We are discussing perception and something must perceive. I think that this is currently the crux of why most machine intelligence efforts fall short of being considered intelligence - there is nothing inside - no ego of any kind. I don’t subscribe to the soul but I do think that there must be a personal frame of experiential reference. I really can’t conceive of an intelligence without this.

The “meh” aspect is that for any agent that has this personal frame of reference it will be personal and not accessible. We can create artificial agents where we have considerable control of the relationship between the defined ego and the senses and even know that a second one will be identical to the first to the point where we can say that they have identical experiences but we human will never know what they experience.
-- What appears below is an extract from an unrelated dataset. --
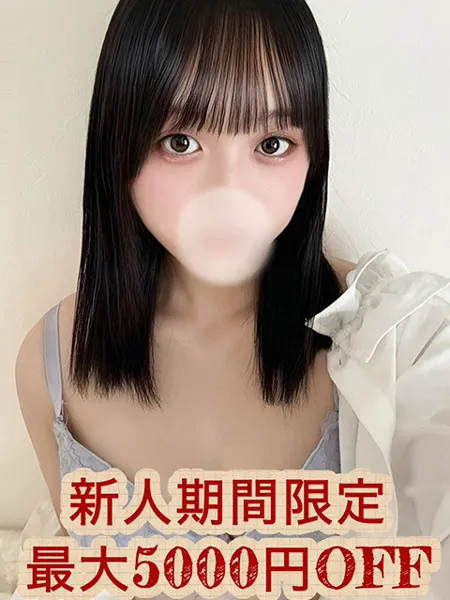 1枚目の写真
In the example that I have given you allude to self reporting so different that comparing our attempts to self report deviate to the point where we know that something must be different.

Point taken.

How do I self report what my perception of a color looks like to me and what is your frame of reference to interpret that? I can use color patches to develop a continuum and similarity, I can certainly say that this color is almost the same as that one. I can’t say what that perception redness feels like in any what that allows you absolutely know that you are feeling the same thing. People have tried and failed.

Perhaps you are familiar with color calibration. It’s a big thing in painting and people spend a lot of effort in trying to make sure that what the customer sees and approves in the digital presentation is the same thing that will roll off the production line. In this case we can control the wavelengths emitted and the sensing on the calibration equipment. I have pages of color swaths and we use them in presentation. Even with all that - it is very hard to account for the perception differences in transmitted vs reflected light. The spectrum of the illumination is a huge factor. I work in quality control and getting two painted items to look the same in all lighting conditions is fiendishly difficult. If two items on the same machine look very different it can make the final product look cheap or defective. I do know that there are people that can see difference that I can’t. As the QC manager in my company I find these people to be very annoying.

It is only relatively recently that human self reporting and testing has closed in on Monochromacy, Dichromacy, Tetrachromacy, and Pentachromacy. This is just in the perception mechanism. We still really don’t have the tools to understand how these senses are registered in the brain.

If we are defining the precise vocabulary to create machine intelligence then precision in definition is absolutely correct and desirable.

If we are trying to apply those definitions to the human condition the current state of the art is not up to the task. There may come a time were we can capture the exact patterns that define our perception and transmit them to a brain where the individual whorls and wiring are different and know that we will still capture the red of redness but until that day my focus will stay closer to the utility of the consensus value as the most important parameter in humans.